Ici, nous voyons des neurones qui se sont différenciés pendant environ deux jours. En culture, les neuroblastes se sont divisés une ou plusieurs fois, puis ont donné naissance à des neurones, qui étendent les processus qui forment de vastes réseaux névrotiques chevauchants. Ici, nous avons deux corps cellulaires qui s’affrontent.

Celle du haut prolonge un processus à 11 heures, et celle du bas prolonge un processus à cinq heures. Ce sont là leurs principales extensions. Et puis vous pouvez voir qu’ils forment des branches plus fines.

Ceux-ci adhèrent très étroitement au substrat de verre, et il y a des processus que vous pouvez voir qui proviennent également d’autres cellules qui les chevauchent. Et ce sont des sites de connexion synaptique potentielle. Nous patcherions l’une de ces cellules, et en général, avec ce niveau d’élaboration de processus, elles auraient des courants synaptiques synaptiques fonctionnels.

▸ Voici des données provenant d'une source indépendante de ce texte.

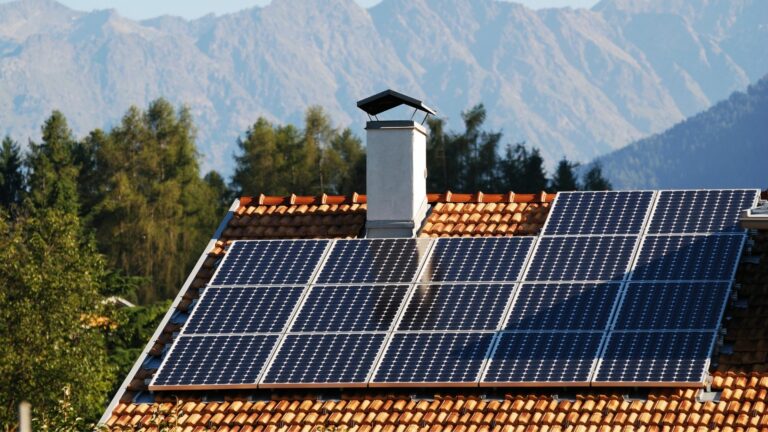 Différence entre un panneau solaire et photovoltaïque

Maintenant, nos cellules se développent en culture 12 heures après le placage. Ils auront prolongé des processus assez agréables. Notre physiologie standard, nous commençons à en faire environ un à deux après la culture.

Et vous pouvez voir qu’ils continuent en fait à développer les processus pendant les quatre ou cinq prochains jours. Et nous avons enregistré des cellules jusqu’à deux semaines en culture, mais la plupart de nos enregistrements sont entre deux et six jours en culture avec ces cultures que nous venons de préparer à partir d’embryons de drosophile au stade gastro moyen, nous avons des réseaux de neurones qui communiquent en culture. Nous sommes en mesure d’examiner les propriétés de décharge de ces cellules.

Ils ont des propriétés de cuisson diverses. Ils ont, ils se déclenchent de manière répétitive, certaines cellules se déclenchent de manière répétitive, d’autres cellules se déclenchent à la naissance, et ces cellules sont principalement cholinergiques ou GABAergiques. Et nous regardons, nous pouvons regarder les courants synaptiques qui sont médiés par ceux-ci, par les récepteurs nicotiniques, Aach, H et GABA.